WHAT THE TASK ASKS
Look through the records below for the line with "Cocinilla doite" and the line with "QR Code for 3CR7SN63uYbatgR7vMJBAB8TqtPYeqsS71", then return those lines and all lines between, exactly.
======== RECORD SET
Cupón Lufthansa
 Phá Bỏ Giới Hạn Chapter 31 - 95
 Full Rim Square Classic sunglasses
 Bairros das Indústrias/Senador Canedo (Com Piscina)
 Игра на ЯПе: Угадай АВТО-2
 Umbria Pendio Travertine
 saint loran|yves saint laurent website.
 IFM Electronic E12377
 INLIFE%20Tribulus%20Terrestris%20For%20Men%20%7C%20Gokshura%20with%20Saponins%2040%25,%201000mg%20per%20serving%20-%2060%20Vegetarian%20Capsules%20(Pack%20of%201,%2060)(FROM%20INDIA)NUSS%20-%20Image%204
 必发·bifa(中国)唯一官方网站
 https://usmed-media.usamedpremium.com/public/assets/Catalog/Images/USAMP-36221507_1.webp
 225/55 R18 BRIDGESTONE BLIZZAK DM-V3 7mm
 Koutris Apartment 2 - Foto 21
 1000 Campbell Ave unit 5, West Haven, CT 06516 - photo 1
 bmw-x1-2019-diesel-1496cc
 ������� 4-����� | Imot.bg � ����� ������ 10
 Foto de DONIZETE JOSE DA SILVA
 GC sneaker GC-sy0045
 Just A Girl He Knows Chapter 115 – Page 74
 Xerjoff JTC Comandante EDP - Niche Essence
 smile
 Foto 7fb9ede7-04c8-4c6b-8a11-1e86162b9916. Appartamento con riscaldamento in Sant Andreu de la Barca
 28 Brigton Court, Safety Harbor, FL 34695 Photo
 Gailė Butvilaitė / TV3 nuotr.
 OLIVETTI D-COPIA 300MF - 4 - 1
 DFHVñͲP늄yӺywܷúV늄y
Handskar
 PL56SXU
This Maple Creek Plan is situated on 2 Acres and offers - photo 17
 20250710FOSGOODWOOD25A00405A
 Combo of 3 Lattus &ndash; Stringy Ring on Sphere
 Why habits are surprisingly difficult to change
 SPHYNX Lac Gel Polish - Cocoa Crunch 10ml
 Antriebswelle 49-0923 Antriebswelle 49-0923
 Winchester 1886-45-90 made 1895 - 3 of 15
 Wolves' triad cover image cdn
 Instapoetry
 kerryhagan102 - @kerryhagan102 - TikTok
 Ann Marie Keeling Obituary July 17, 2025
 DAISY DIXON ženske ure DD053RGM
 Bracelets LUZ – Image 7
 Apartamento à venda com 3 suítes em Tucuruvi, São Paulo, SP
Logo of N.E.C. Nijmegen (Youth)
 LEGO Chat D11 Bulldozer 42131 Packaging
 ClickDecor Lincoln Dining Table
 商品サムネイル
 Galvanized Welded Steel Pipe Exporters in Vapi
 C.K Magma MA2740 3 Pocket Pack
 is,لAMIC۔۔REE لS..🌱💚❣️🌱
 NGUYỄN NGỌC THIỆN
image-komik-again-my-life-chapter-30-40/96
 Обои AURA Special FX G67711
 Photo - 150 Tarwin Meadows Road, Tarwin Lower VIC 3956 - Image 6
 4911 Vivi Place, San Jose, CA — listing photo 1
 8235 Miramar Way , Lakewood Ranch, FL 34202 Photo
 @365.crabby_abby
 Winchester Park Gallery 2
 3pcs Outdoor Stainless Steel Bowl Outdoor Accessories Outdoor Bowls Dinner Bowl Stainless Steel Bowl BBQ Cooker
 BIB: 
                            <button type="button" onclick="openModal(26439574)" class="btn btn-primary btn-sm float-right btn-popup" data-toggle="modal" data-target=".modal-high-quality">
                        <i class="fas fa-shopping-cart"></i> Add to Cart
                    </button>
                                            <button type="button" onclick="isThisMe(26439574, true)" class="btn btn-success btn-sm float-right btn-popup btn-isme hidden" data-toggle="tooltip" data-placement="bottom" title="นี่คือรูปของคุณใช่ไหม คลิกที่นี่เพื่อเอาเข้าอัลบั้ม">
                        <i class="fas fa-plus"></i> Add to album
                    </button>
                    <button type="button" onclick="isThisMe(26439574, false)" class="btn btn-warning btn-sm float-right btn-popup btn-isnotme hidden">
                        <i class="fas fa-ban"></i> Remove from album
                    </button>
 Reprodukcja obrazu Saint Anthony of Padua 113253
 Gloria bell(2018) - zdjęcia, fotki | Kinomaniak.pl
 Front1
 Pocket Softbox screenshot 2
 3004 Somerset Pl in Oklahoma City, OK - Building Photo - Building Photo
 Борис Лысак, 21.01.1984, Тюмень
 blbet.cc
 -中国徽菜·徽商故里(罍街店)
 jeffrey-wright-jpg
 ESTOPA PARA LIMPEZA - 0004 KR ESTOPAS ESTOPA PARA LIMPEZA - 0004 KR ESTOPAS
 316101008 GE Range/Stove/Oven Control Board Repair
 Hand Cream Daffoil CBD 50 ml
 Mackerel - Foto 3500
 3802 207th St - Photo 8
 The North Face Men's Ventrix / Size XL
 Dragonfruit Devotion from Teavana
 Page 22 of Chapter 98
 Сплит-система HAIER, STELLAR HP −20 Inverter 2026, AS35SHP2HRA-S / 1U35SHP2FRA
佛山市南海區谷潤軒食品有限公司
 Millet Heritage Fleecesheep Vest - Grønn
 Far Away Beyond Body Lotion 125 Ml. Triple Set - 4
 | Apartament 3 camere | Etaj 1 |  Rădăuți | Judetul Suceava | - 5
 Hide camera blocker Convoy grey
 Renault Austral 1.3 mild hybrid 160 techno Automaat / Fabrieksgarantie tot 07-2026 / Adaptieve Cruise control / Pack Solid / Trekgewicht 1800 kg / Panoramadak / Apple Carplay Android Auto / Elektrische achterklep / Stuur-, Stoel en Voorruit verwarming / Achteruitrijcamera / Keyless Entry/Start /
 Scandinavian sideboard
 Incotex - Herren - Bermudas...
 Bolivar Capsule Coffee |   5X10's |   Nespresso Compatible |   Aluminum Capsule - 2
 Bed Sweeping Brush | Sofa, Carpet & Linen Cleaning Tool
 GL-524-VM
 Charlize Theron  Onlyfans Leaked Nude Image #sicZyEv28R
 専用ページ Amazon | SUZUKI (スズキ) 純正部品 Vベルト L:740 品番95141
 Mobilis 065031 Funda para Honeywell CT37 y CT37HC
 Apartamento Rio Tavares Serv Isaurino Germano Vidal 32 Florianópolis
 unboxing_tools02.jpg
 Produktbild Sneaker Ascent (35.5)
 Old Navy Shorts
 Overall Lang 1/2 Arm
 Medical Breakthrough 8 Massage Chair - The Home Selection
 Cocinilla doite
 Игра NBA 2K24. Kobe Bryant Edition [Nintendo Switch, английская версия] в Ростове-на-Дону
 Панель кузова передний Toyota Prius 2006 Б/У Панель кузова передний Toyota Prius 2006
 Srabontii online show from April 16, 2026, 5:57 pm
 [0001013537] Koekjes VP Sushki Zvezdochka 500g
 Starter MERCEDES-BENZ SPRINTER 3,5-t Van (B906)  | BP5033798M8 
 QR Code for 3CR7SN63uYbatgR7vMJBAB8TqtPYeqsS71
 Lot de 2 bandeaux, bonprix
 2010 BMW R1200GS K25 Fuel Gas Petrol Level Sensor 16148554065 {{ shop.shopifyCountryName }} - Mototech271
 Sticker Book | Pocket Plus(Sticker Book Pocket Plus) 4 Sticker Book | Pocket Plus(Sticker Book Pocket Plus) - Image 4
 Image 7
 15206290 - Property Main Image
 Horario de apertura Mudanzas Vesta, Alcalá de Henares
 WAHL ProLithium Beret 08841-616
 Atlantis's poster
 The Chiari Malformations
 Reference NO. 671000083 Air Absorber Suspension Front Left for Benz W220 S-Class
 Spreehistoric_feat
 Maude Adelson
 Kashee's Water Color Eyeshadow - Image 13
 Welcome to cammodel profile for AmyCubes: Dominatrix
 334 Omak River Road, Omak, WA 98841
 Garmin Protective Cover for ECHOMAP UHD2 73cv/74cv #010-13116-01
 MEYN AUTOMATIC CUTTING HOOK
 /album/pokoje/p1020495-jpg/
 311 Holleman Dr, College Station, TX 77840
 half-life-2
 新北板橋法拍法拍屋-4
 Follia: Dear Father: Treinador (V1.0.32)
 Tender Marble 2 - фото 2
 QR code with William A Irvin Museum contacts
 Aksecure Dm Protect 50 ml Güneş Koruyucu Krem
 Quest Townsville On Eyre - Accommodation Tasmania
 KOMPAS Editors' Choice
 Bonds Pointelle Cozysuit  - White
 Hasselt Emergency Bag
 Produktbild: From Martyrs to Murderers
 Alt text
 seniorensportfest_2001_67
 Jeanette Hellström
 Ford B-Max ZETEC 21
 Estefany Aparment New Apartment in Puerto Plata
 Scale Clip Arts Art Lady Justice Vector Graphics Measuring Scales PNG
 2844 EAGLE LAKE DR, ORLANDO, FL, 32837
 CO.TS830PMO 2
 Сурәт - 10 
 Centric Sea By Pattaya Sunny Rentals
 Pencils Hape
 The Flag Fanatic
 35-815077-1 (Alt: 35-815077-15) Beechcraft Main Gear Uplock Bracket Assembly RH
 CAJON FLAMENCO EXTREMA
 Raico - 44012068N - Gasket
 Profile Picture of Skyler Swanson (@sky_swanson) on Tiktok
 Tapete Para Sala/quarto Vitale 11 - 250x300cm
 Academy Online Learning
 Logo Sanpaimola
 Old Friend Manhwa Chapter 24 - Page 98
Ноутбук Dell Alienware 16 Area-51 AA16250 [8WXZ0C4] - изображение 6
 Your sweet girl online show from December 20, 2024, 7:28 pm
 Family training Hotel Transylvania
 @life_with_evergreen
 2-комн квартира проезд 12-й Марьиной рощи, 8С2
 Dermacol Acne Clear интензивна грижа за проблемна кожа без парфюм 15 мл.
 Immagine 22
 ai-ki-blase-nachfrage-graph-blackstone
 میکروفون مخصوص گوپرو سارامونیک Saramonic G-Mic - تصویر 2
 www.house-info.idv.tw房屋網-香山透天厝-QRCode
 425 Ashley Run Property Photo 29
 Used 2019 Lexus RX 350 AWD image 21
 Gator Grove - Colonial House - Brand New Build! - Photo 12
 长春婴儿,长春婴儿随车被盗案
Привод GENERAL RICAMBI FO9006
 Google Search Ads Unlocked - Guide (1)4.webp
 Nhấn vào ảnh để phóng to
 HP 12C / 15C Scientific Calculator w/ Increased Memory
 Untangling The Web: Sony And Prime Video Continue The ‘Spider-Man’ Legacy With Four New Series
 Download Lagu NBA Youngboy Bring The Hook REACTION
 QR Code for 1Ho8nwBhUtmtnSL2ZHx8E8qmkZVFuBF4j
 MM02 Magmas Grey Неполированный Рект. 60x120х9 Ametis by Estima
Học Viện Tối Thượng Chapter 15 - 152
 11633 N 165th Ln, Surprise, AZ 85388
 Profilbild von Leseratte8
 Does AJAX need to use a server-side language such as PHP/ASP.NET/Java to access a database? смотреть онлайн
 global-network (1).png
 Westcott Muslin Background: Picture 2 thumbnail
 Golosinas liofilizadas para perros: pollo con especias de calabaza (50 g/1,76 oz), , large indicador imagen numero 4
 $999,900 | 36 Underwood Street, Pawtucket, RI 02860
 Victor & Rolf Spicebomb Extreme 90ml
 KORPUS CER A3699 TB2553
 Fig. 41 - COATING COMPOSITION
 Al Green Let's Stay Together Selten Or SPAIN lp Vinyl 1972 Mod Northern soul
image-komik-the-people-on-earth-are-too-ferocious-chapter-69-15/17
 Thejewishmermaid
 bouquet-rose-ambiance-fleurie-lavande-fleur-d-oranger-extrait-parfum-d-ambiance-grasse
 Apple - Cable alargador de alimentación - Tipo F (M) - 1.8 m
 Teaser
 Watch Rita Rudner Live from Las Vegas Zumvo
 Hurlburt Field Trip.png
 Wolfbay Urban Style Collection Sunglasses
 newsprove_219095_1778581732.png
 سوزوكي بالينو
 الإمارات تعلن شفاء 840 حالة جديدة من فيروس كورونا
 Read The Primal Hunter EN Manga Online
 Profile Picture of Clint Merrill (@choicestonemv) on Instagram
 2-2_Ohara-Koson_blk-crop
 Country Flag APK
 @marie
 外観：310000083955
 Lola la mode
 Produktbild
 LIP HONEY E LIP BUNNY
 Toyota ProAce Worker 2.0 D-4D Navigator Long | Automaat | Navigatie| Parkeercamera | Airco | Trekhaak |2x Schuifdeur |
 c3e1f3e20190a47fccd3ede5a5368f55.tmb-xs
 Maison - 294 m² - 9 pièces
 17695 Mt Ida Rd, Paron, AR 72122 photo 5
================
TASK RESPONSE
 Cocinilla doite
 Игра NBA 2K24. Kobe Bryant Edition [Nintendo Switch, английская версия] в Ростове-на-Дону
 Панель кузова передний Toyota Prius 2006 Б/У Панель кузова передний Toyota Prius 2006
 Srabontii online show from April 16, 2026, 5:57 pm
 [0001013537] Koekjes VP Sushki Zvezdochka 500g
 Starter MERCEDES-BENZ SPRINTER 3,5-t Van (B906)  | BP5033798M8 
 QR Code for 3CR7SN63uYbatgR7vMJBAB8TqtPYeqsS71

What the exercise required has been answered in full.